§ **ENTRIES SHOWN**
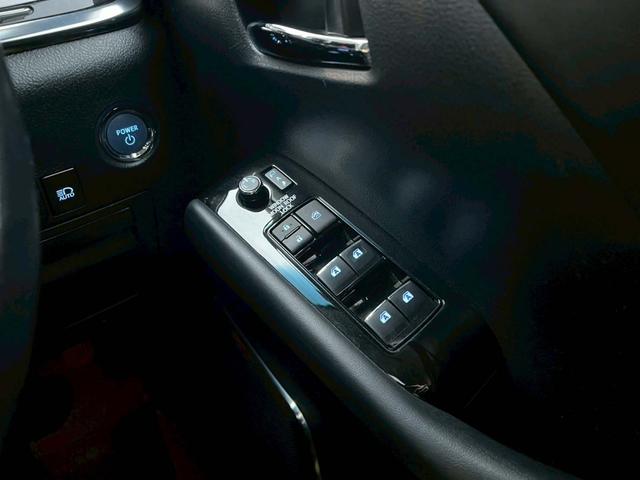 アルファードハイブリッド ＳＲ　４ＷＤ　モデリスタ　リアモニ　ＷＡＬＤ２０ＡＷ　ドラレコ　ＥＴＣ　Ｂカメ　フルセグ　ムーンルーフ　Ｄミラー　ＢＳＭ　３眼ＬＥＤ　　Ｂｌｕｅｔｏｏｔｈ　　１５００Ｗ電源　シートヒーター・クーラー（60枚目）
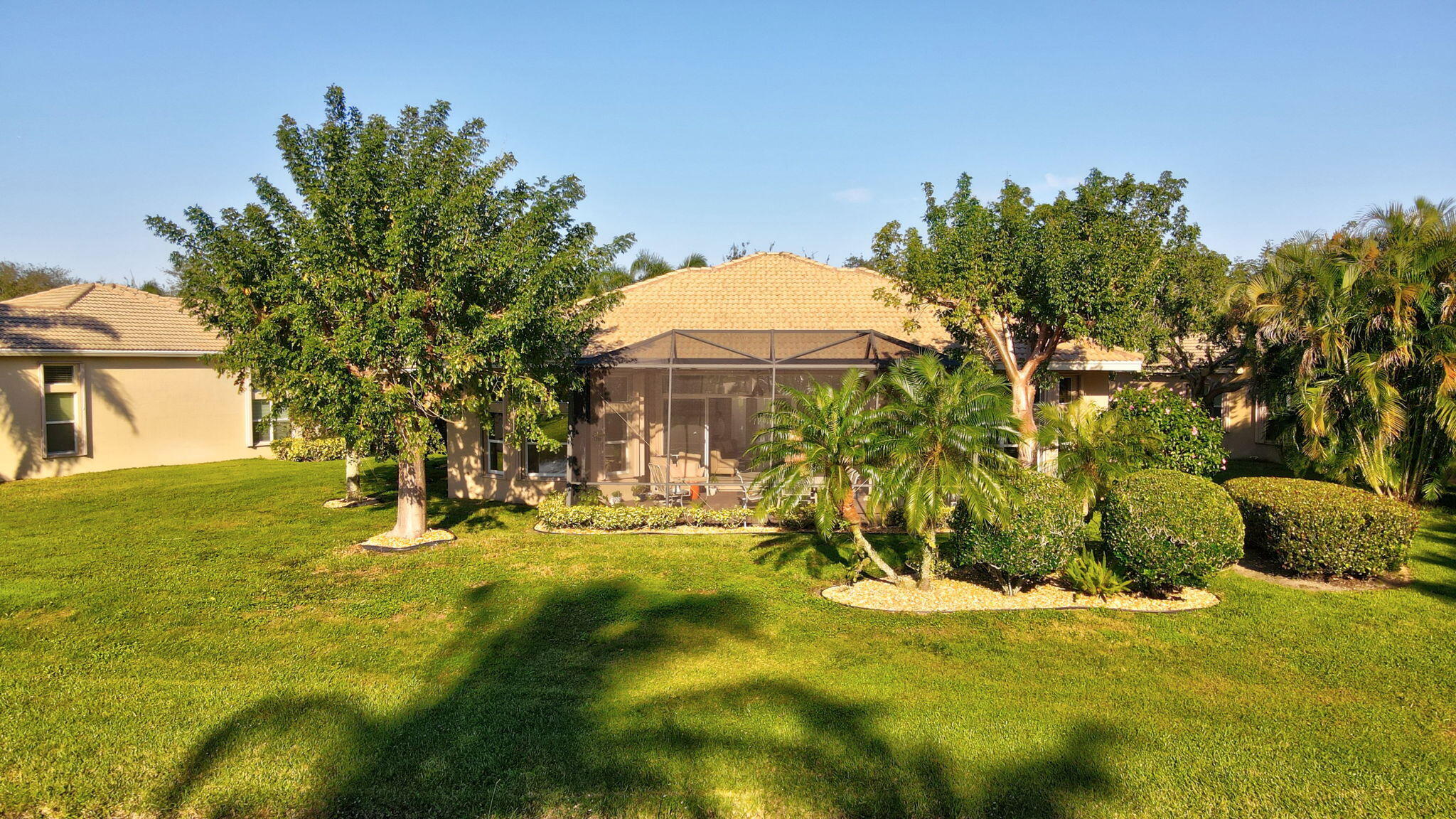6984 Corning Circle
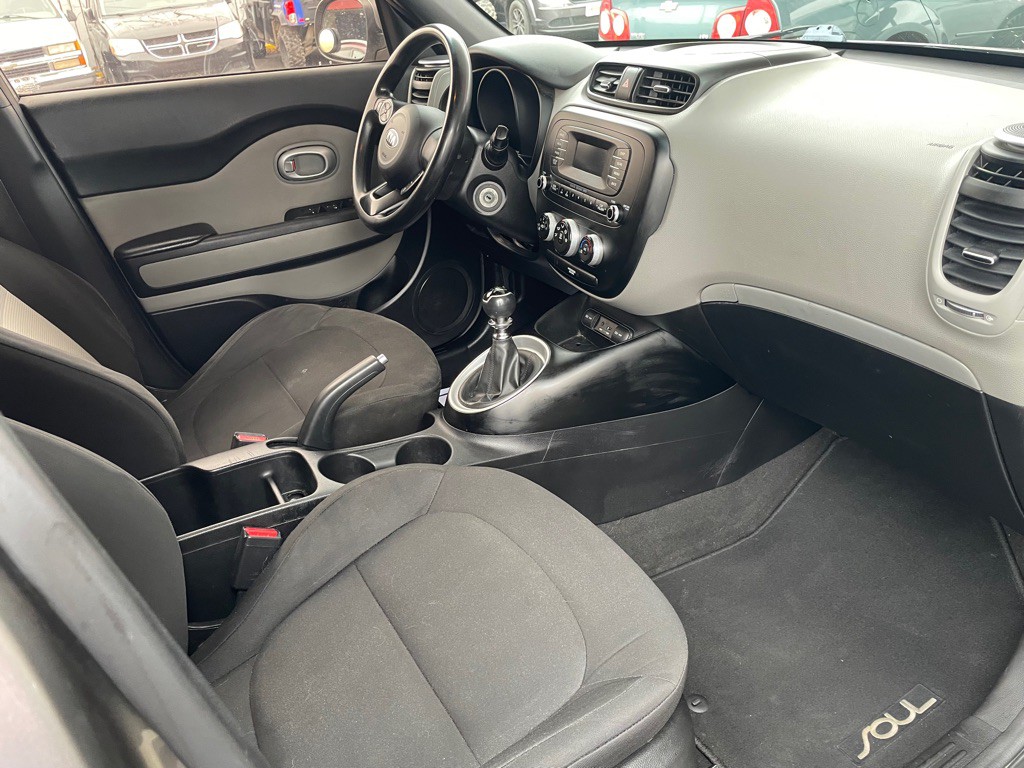 2014 Kia Soul Image 10
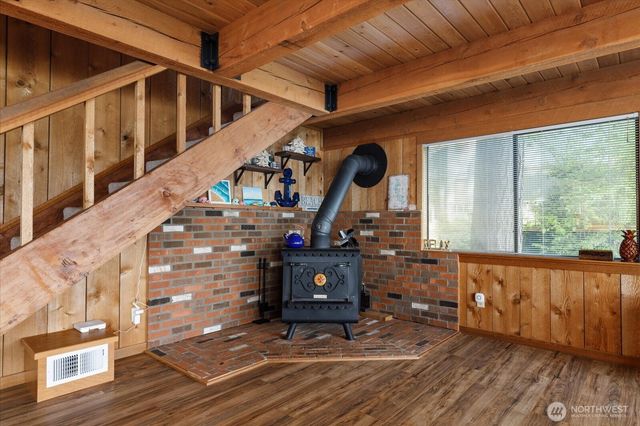281 Harrington Road, Coupeville, WA 98239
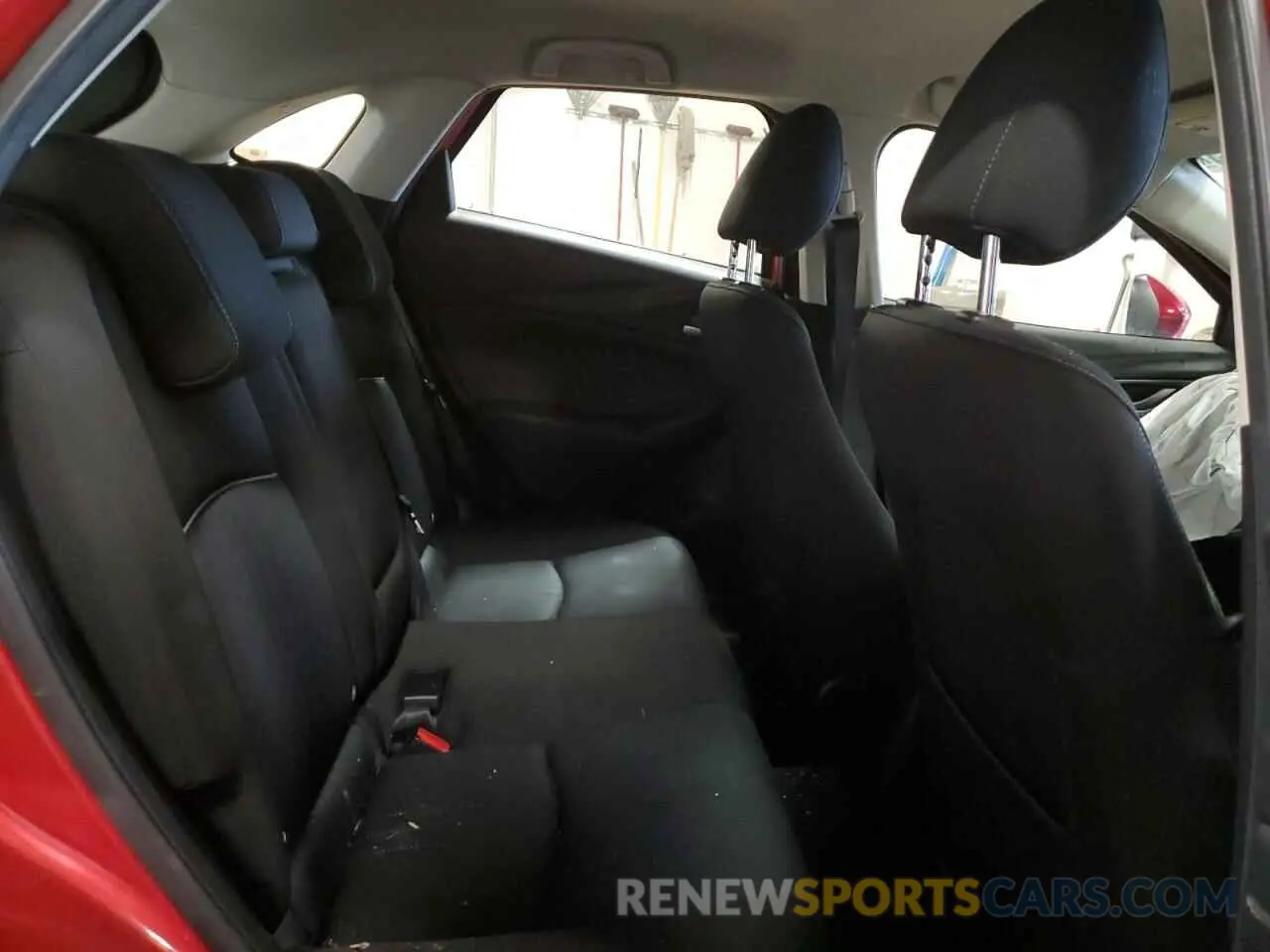 10 fotografías del automóvil dañado JM1DKDB75K1453864 MAZDA CX-3 2019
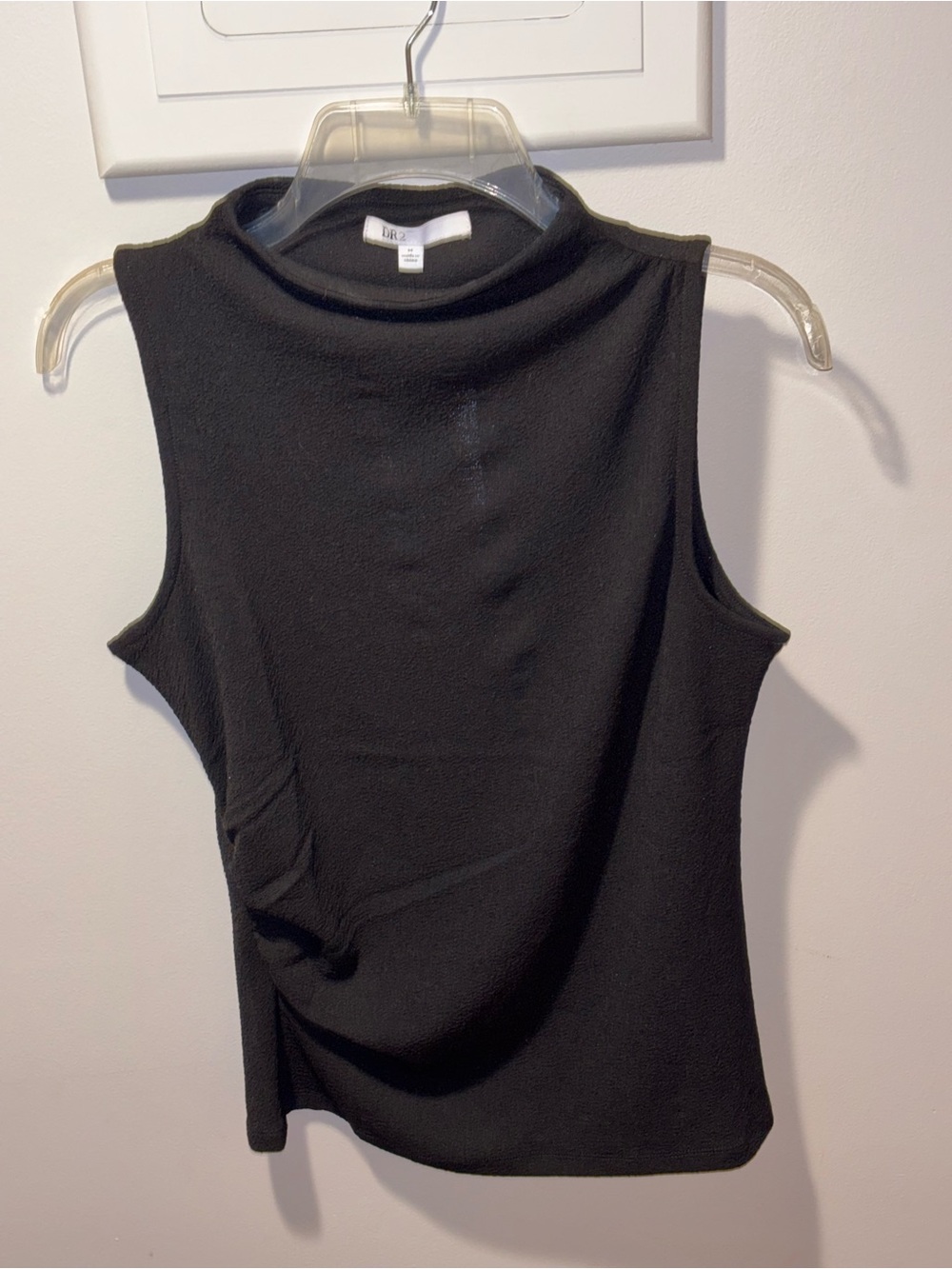 DR2 Sleeveless Mock Neck Top - Black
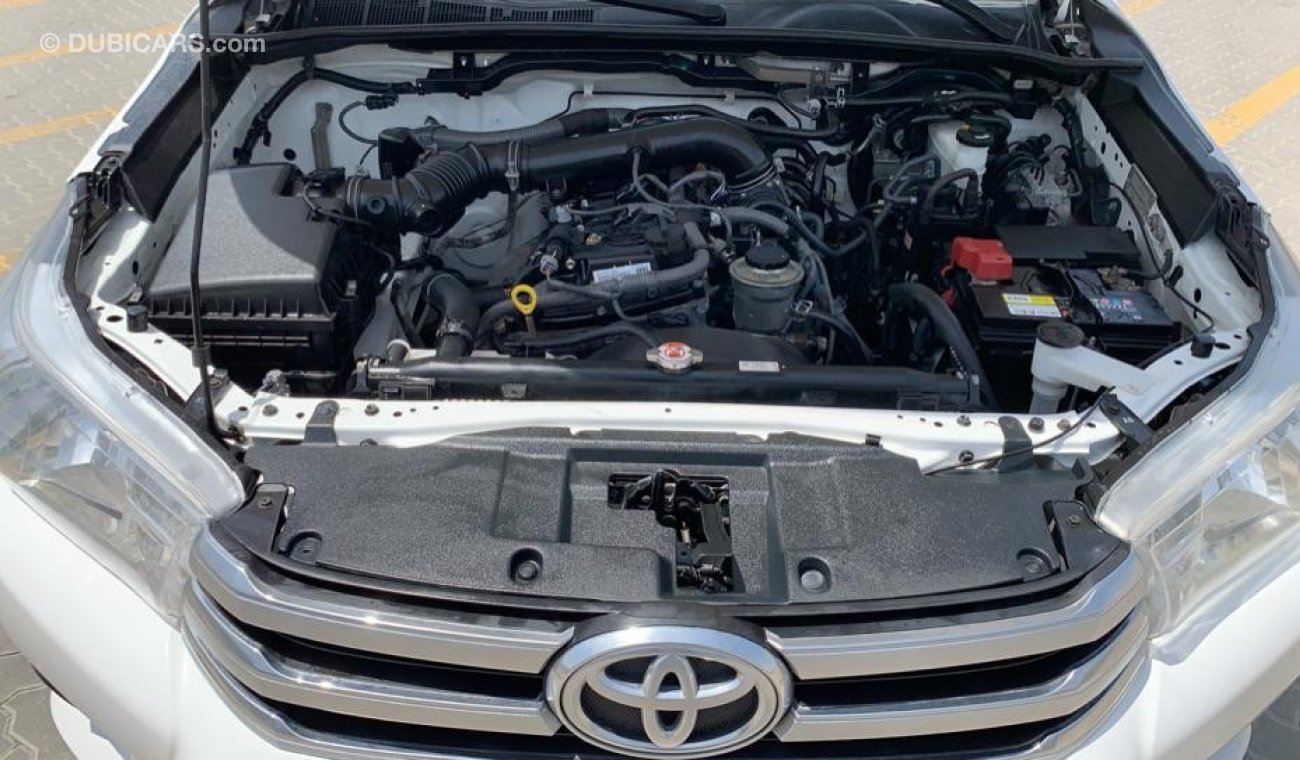 Toyota Hilux 2017 Full Manual 4x2 Ref#214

§ **TASK REQUIREMENTS**
At the line containing "10 fotografías del", start reproducing exactly, and stop after the last line of the listing; include both ends, and leave the pictures out.

§ **ANSWER SECTION**
 10 fotografías del automóvil dañado JM1DKDB75K1453864 MAZDA CX-3 2019
 DR2 Sleeveless Mock Neck Top - Black
 Toyota Hilux 2017 Full Manual 4x2 Ref#214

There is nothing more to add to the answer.